There is no such thing as "self documenting" code, but there are ways to make the code easier or harder to understand. One of the first aspects of code readability is naming: every piece of software defines its own mini language or DSL that consists of class names, package names, method names, and variable names. When a developer uses your code, they are really learning a new language, so choose the words in it wisely! However, since naming is one of the two hardest problems in computer science, I recommend getting yourself a copy of Code Complete, which dedicates quite a few pages to this topic:

Design patterns are another tool for communicating the intent of your code. You have to be careful not to overuse them (see Rethinking Design Patterns), but having a shared vocabulary of terms like singleton, factory, decorator, and iterator can be useful in setting expectations and making the naming problem a little easier. The classic book in on this topic is Design Patterns: Elements of Reusable Object-Oriented Software, aka "The Gang of Four":

Finally, the type system in statically typed languages can be another powerful source of information. A type system can reduce not only the number of tests you write (by catching a certain class of errors automatically), but also the amount of documentation you have to write. For example, when calling a function in a dynamically typed language, there is no way to know the types of parameters to pass in unless the author of the function manually documented it; in a statically typed language, the types are known automatically, especially with a good IDE.

Of course, not all type systems are equal, and you have to use them correctly (e.g. avoid stringly typed programming) to see the benefits. For examples of powerful type systems, check out (in increasing order of power and crazy) Scala, Haskell, and Idris.

2b. API docs and literate programming

API docs are documentation for each class, function, and variable in your code. They are a fine-grained form of documentation that lets you learn about the inputs and outputs of each function, the preconditions and postconditions, and, perhaps most importantly, why a certain piece of code exists and behaves the way it does.

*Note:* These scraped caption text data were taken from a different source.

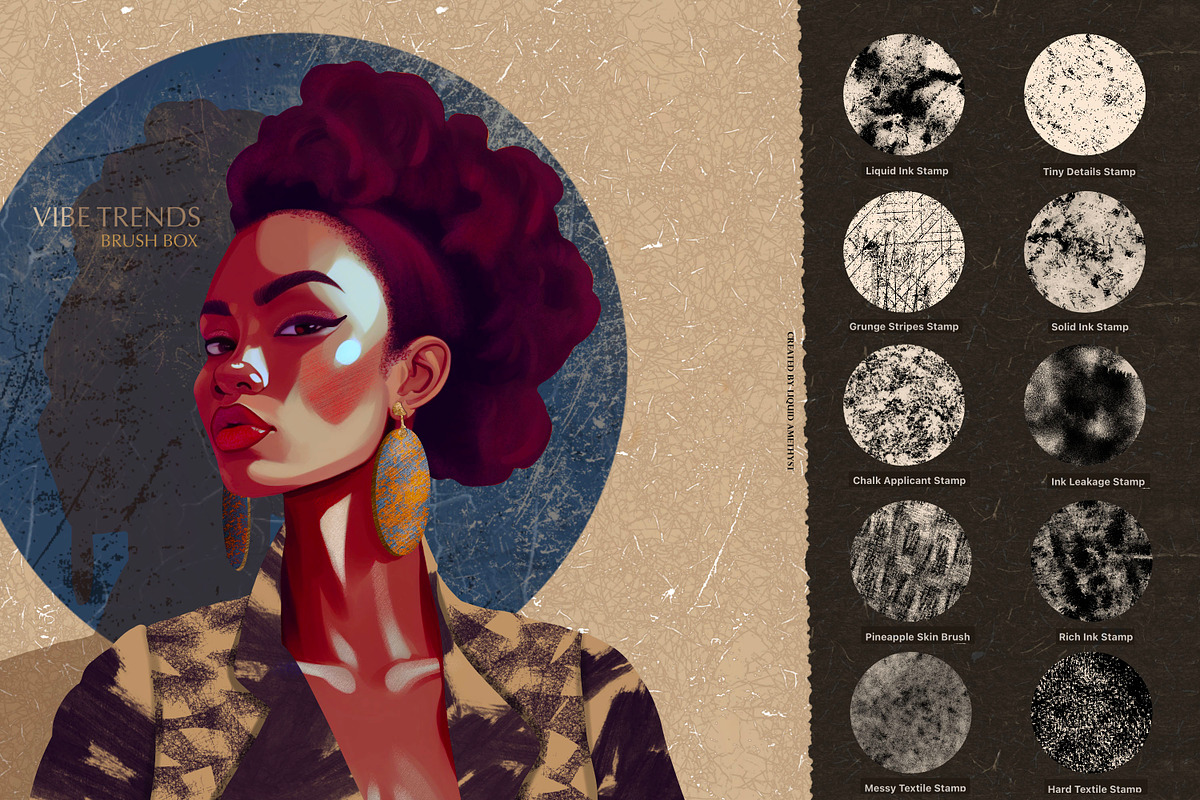 Vibe Trends Brush Box For Procreate, a Brush Add-On by Liquid Amethyst Art (Photo 7 of 8)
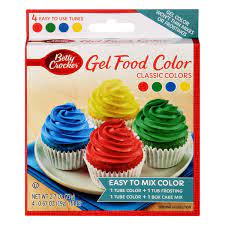 Food coloring chart number of drops for specific colors, pin by jenn dube on cake decorating tutorials instructions, food coloring information and color mixing chart, coloring book betty crocker gel food coloring betty, avocado soft gel paste gel paste food colors food. Save On Betty Crocker Food Colors Gel Blue Green Yellow Red 4 Ct Order Online Delivery Giant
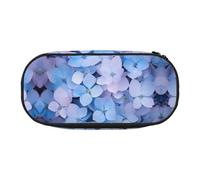 WZYCWB Hortensia Trousse à crayons grande capacité - Boîte de rangement multifonctionnelle, portable et durable pour fournitures de bureau et scolaires, Noir , Taille unique, Trousse de beauté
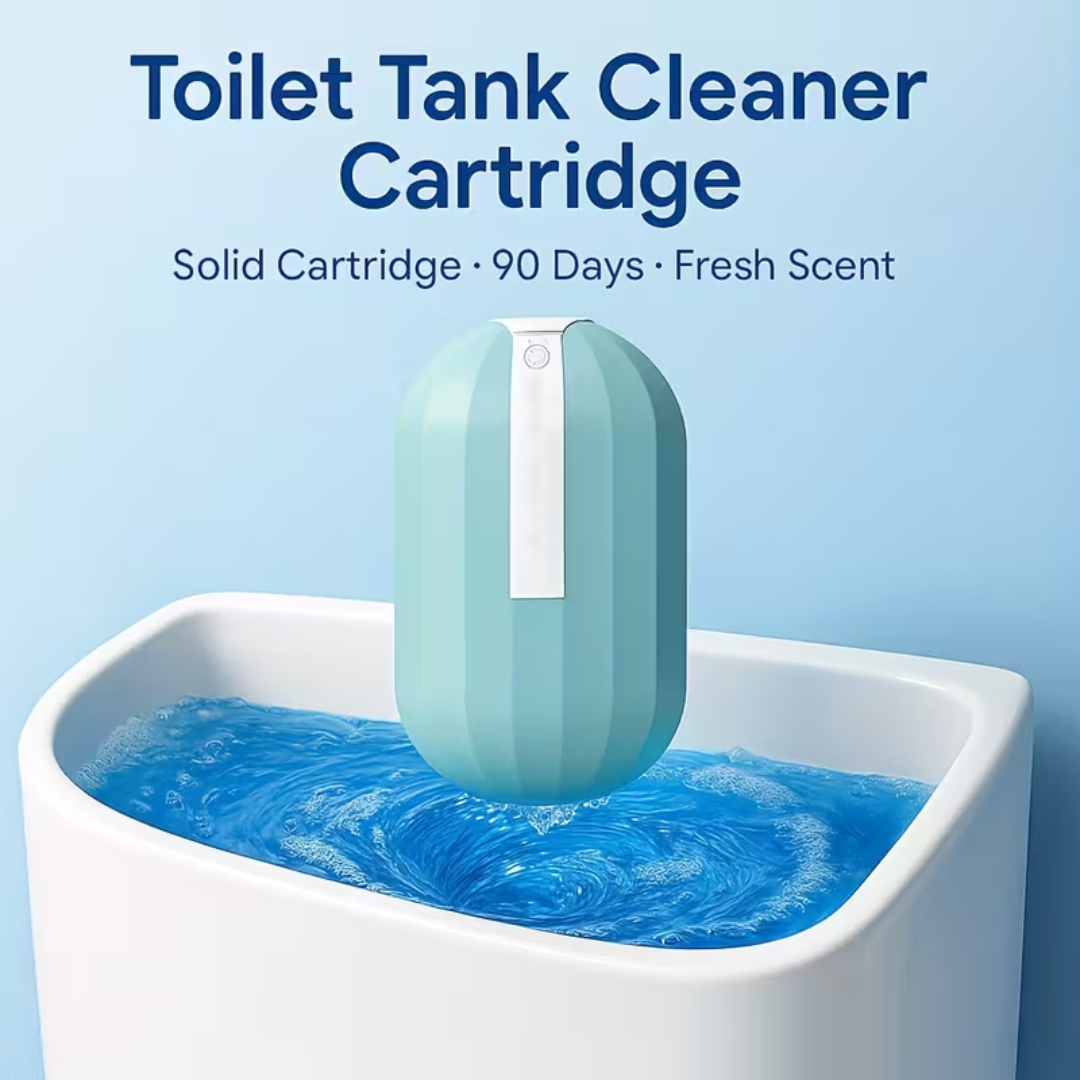 Automatic Toilet Tank Cleaner – 90-Day Fresh Blue Flush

Many programming languages have tools to generate API docs. For example, Java comes with JavaDoc, which lets you add specially formatted comments to the code:

You can then run a command line utility that generates a webpage for each class with the JavaDoc comment formatted as HTML:

Good IDEs can show API docs automatically for any part of the code:

Some frameworks have special handling for API docs as well. For example, rest.li automatically extracts the documentation from your REST service and exposes it in a web UI. You can use this UI to browse all the RESTful services available, see what resources they expose, what methods and parameters they support, and even make REST calls straight from your browser:

Here are a few nice examples of API docs:

Java API docs
Scala API docs
Stripe API docs
Twilio API docs
Github API docs
rest.li API docs

Literate programming goes even further: the idea is that program logic should be described first in natural language; the code comes second, interspersed amongst the English description where convenient. Instead of organizing programs in a way thats easy for compilers to process (ie, rigid file, folder, and package structure), literate programs should be organized in a way that makes it easier for humans to understand, such as an essay format.

I think literate programming is a great concept, but Im not aware of any mainstream languages that support it fully. The closest Ive seen are projects that use tools like docco, which lets you generate an HTML page that shows your comments intermingled with the code, and feels like a halfway point between API docs and literate programming. Heres an example from Literate CoffeeScript:

There are flavors of docco tailored for specific languages, such as rocco (Ruby), Pycco (Python), Gocco (Go), and shocco (POSIX shell). There is also an extension of docco called Groc, which adds support for a searchable table of contents, handles hierarchies of files and folders, and integrates with Github Pages..

2c. Comments

When used correctly, comments are another important source of information: whereas the code tells you how, comments tell you why. The trick is finding the right balance. Code without any comments cant explain why the program is being written, the rationale for choosing this or that method, or the reasons certain alternative approaches were taken; code with too many comments can often be a sign that the code itself is unclear and instead of fixing the code, the comments are being used as a crutch.

In short: always use comments in moderation and always to explain why.

For the "best" examples of comments, I point you to a hilarious StackOverflow thread: What is the best comment in source code you have ever encountered?

2d. Example code and test code

No matter how good your docs are, you cant force developers to RTFM. Some developers prefer to learn by example - which is a polite way of saying that they like to copy and paste.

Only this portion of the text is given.